[Task directions]
Extract the lines from the first line of the records below through the line containing "2024 Kawasaki Z900", inclusive, and reproduce them exactly as written.

===== Excerpted records

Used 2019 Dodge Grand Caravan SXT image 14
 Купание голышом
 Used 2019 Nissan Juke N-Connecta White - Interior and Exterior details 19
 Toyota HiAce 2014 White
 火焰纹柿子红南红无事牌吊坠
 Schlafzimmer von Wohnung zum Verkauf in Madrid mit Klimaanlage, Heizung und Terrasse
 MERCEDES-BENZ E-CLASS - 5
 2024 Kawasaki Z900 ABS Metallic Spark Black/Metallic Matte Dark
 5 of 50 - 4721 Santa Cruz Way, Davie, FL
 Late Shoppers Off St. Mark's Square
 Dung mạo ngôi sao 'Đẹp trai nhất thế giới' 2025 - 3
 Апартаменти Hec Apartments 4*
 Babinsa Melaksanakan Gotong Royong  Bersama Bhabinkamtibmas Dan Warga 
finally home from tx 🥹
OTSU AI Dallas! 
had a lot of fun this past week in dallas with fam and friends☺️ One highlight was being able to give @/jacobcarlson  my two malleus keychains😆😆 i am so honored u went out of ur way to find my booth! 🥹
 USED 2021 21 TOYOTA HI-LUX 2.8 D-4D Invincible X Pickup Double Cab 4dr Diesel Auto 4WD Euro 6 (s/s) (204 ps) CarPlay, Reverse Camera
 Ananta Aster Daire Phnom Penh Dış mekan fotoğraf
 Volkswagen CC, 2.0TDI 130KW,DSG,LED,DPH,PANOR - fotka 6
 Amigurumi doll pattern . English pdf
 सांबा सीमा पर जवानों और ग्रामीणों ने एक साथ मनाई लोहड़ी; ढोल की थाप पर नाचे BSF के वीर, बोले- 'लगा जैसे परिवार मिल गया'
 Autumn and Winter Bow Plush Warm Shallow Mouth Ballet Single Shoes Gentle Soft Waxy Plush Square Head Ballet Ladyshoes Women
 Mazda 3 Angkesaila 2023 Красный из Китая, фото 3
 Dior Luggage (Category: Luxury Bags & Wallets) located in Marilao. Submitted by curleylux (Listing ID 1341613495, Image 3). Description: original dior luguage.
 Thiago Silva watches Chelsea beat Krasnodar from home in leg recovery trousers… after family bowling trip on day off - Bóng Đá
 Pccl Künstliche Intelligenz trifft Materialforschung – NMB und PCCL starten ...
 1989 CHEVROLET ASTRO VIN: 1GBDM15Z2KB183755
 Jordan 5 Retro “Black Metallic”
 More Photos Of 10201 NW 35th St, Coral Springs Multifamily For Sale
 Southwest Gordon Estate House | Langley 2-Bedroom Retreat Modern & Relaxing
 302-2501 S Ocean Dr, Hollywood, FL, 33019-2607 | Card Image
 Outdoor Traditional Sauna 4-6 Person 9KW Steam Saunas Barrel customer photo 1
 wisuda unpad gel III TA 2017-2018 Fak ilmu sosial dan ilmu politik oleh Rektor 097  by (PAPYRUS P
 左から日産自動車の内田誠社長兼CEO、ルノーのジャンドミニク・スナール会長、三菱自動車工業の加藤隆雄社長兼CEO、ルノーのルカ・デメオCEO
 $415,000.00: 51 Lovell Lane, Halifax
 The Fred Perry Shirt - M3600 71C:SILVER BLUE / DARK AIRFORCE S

==========

[Answer box]
Used 2019 Dodge Grand Caravan SXT image 14
 Купание голышом
 Used 2019 Nissan Juke N-Connecta White - Interior and Exterior details 19
 Toyota HiAce 2014 White
 火焰纹柿子红南红无事牌吊坠
 Schlafzimmer von Wohnung zum Verkauf in Madrid mit Klimaanlage, Heizung und Terrasse
 MERCEDES-BENZ E-CLASS - 5
 2024 Kawasaki Z900 ABS Metallic Spark Black/Metallic Matte Dark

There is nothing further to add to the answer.